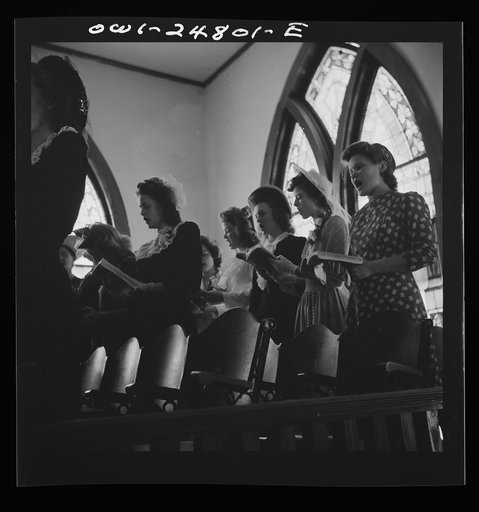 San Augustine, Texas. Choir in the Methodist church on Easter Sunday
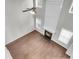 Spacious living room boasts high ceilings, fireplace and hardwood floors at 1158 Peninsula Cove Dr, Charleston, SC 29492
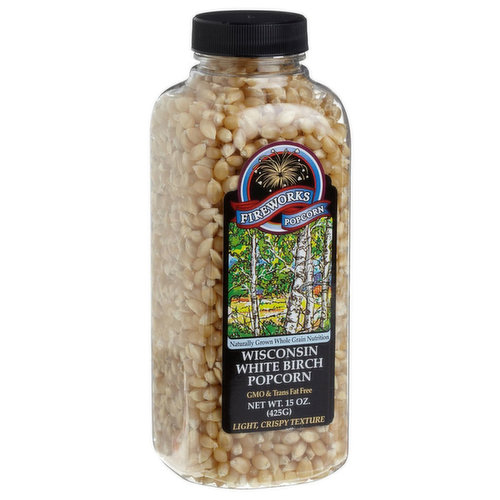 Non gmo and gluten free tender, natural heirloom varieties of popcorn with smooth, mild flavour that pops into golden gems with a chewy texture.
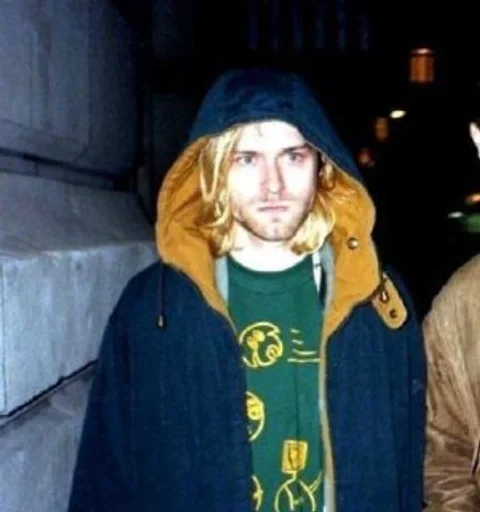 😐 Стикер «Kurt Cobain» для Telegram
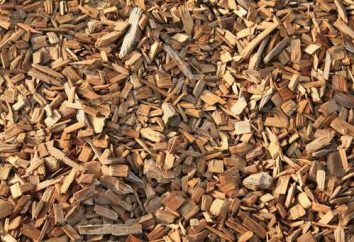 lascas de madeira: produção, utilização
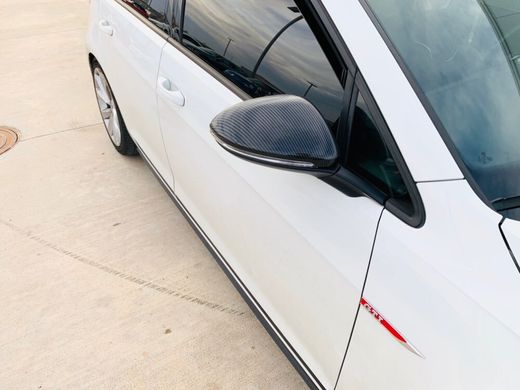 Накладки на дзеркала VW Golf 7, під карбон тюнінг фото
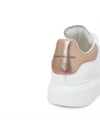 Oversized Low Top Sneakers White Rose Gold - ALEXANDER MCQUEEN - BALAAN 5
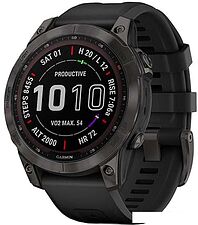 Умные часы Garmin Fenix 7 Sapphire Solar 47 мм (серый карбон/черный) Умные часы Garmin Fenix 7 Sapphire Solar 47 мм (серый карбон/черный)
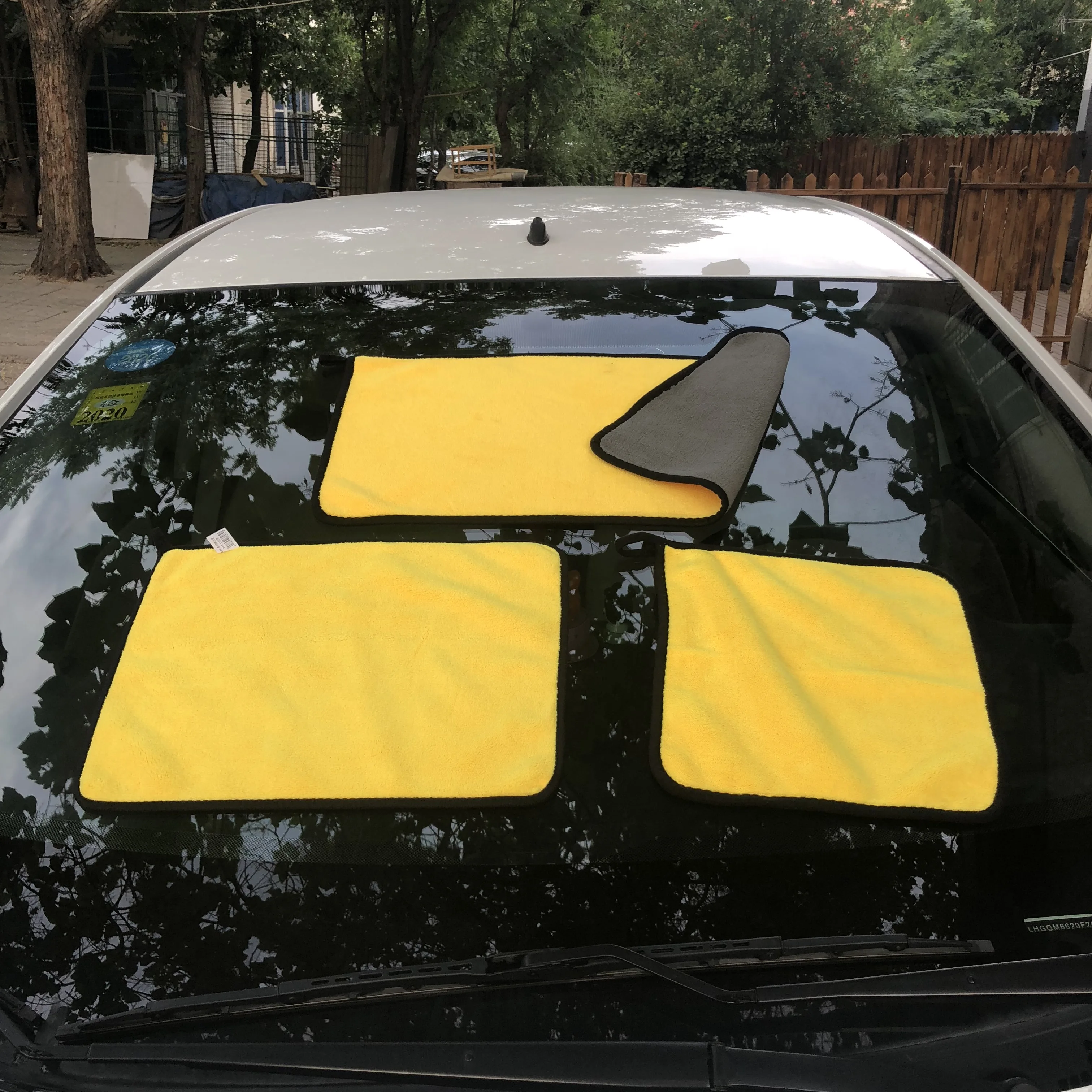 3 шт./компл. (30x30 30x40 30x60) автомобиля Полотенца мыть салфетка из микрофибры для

^^^^^^^^

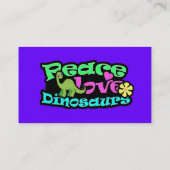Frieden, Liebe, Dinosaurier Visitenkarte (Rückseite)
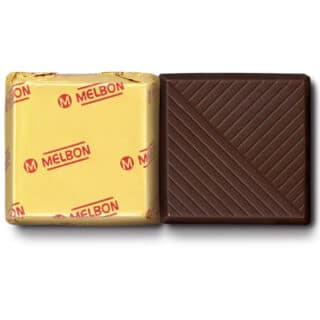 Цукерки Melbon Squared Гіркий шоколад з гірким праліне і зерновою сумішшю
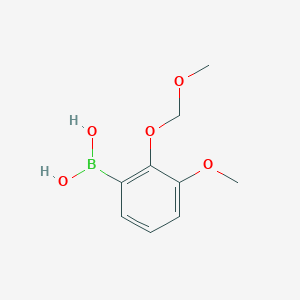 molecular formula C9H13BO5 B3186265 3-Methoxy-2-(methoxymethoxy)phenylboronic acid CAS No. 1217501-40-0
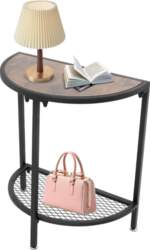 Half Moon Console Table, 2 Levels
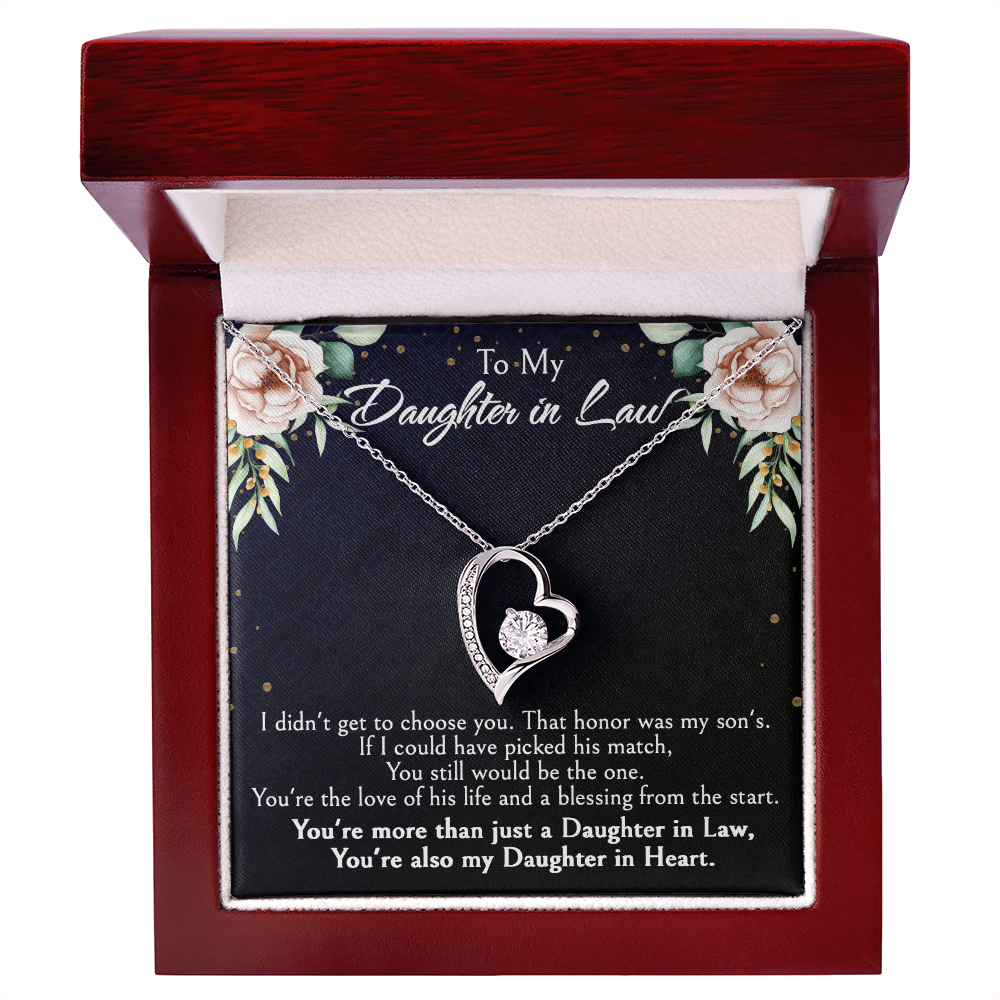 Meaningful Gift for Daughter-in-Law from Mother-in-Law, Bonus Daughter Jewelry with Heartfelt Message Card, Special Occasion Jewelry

^^^^^^^^

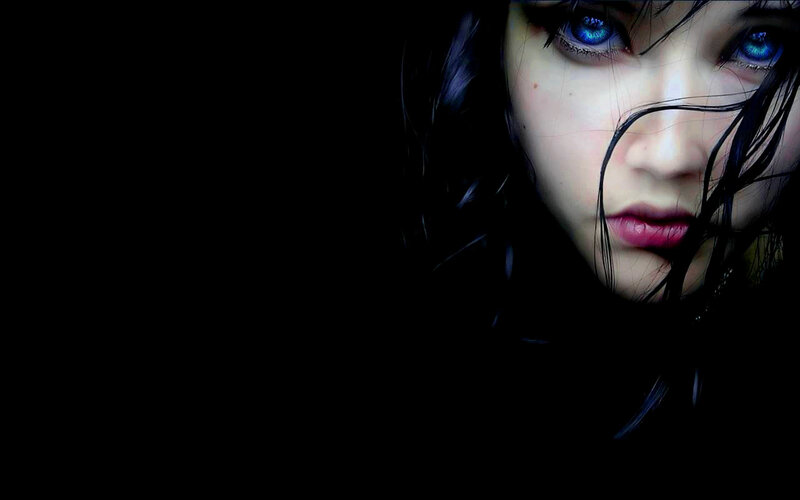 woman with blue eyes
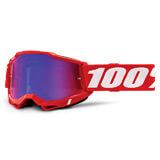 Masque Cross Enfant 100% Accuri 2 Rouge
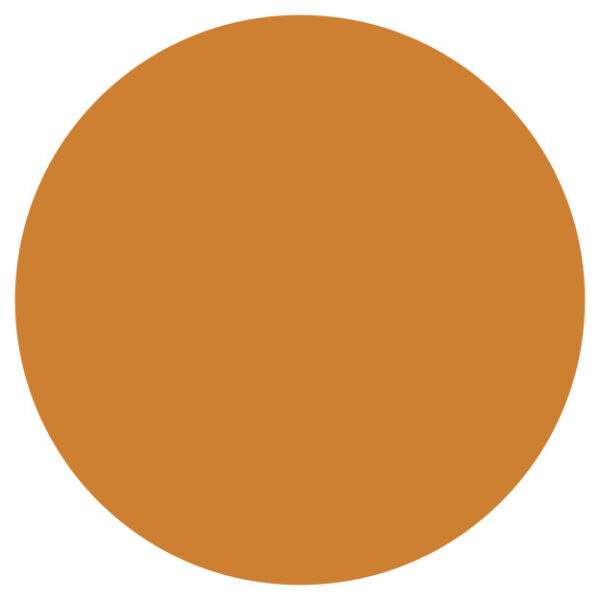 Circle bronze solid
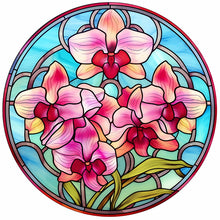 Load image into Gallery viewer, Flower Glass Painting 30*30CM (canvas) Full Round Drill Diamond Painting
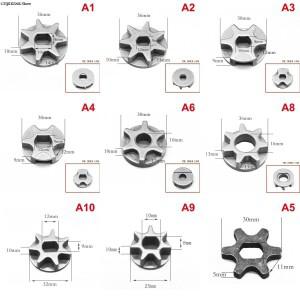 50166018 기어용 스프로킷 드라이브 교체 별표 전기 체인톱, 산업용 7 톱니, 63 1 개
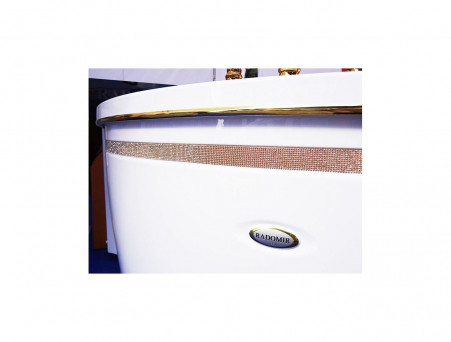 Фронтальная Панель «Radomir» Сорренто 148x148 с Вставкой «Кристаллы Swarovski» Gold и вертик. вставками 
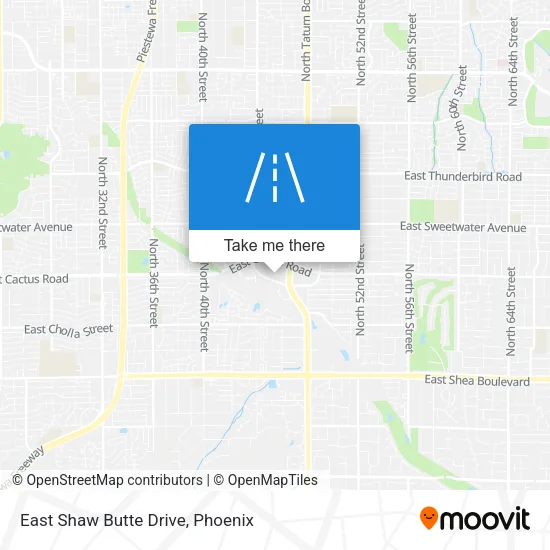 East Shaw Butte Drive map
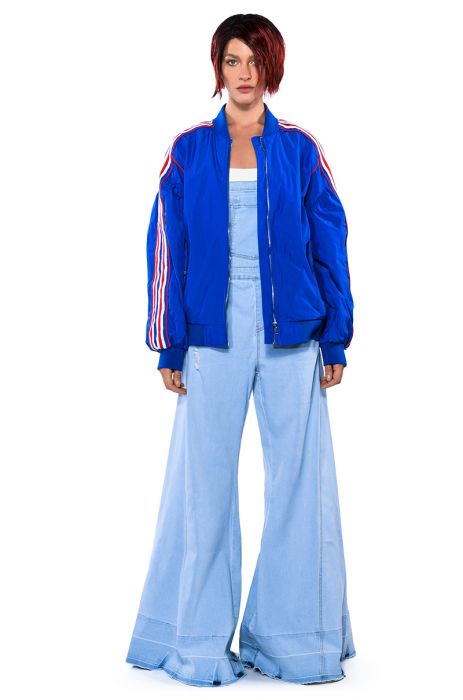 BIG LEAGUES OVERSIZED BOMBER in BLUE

^^^^^^^^

_TASK DETAILS_:
Above are some records. Output exactly the lines from the one that contains "San Augustine, Texas." to the one that contains "3 шт./компл. (30x30", keeping both, and omit the pictures.

_WRITTEN SOLUTION_:
 San Augustine, Texas. Choir in the Methodist church on Easter Sunday
 Spacious living room boasts high ceilings, fireplace and hardwood floors at 1158 Peninsula Cove Dr, Charleston, SC 29492
 Non gmo and gluten free tender, natural heirloom varieties of popcorn with smooth, mild flavour that pops into golden gems with a chewy texture.
 😐 Стикер «Kurt Cobain» для Telegram
 lascas de madeira: produção, utilização
 Накладки на дзеркала VW Golf 7, під карбон тюнінг фото
 Oversized Low Top Sneakers White Rose Gold - ALEXANDER MCQUEEN - BALAAN 5
 Умные часы Garmin Fenix 7 Sapphire Solar 47 мм (серый карбон/черный) Умные часы Garmin Fenix 7 Sapphire Solar 47 мм (серый карбон/черный)
 3 шт./компл. (30x30 30x40 30x60) автомобиля Полотенца мыть салфетка из микрофибры для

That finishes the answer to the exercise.